# The task
Copy out the full listing below as it stands, with its pictures left behind.

# Source data

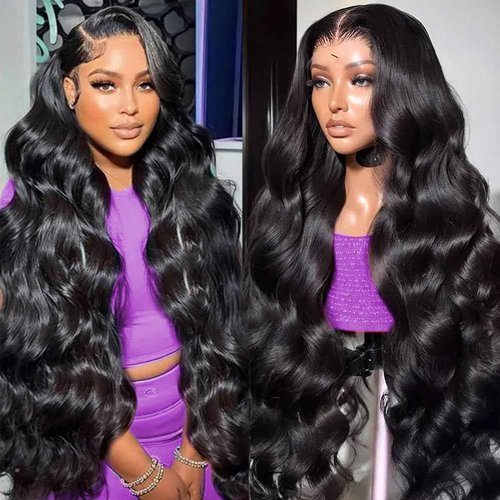 Dochuman 30inch Body Wave Lace Front Wigs Human Hair 13x6 Hd Lace Frontal Wigs Human Hair Pre Plucked Wig For Women Natural Black Wig 180 Density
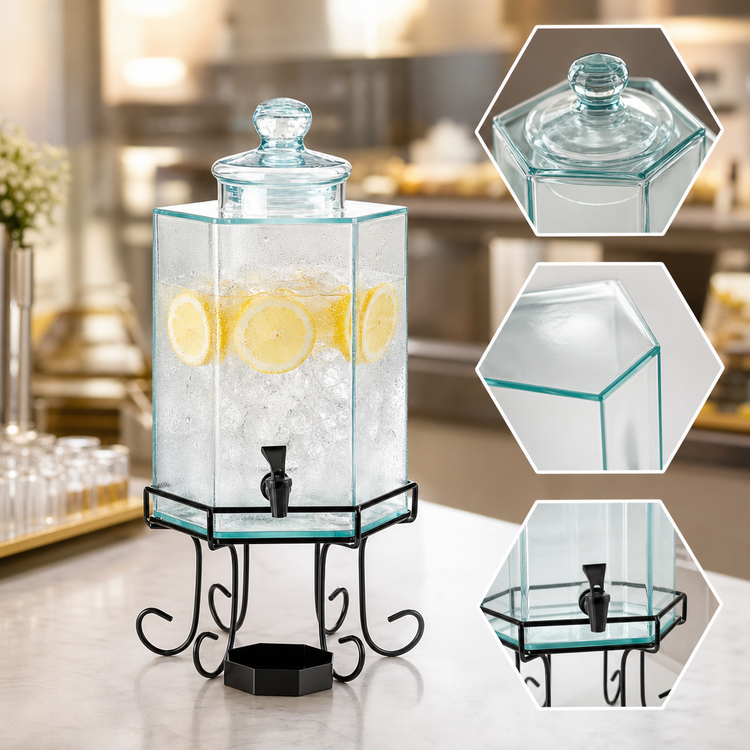 Product image #3 for Cal-Mil Iron Collection 2 Gallon Hexagon Glass Beverage Dispenser with Ice Chamber and Drip Tray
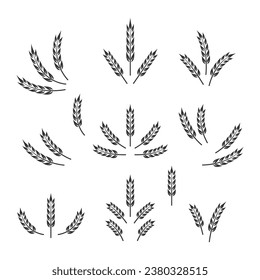 Flat Vector Agriculture Wheat Icon Set Isolated, Organic Wheat, Rice Ears. Design Template for Bread, Beer Logo, Packaging, Labels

# Result of the exercise
 Dochuman 30inch Body Wave Lace Front Wigs Human Hair 13x6 Hd Lace Frontal Wigs Human Hair Pre Plucked Wig For Women Natural Black Wig 180 Density
 Product image #3 for Cal-Mil Iron Collection 2 Gallon Hexagon Glass Beverage Dispenser with Ice Chamber and Drip Tray
 Flat Vector Agriculture Wheat Icon Set Isolated, Organic Wheat, Rice Ears. Design Template for Bread, Beer Logo, Packaging, Labels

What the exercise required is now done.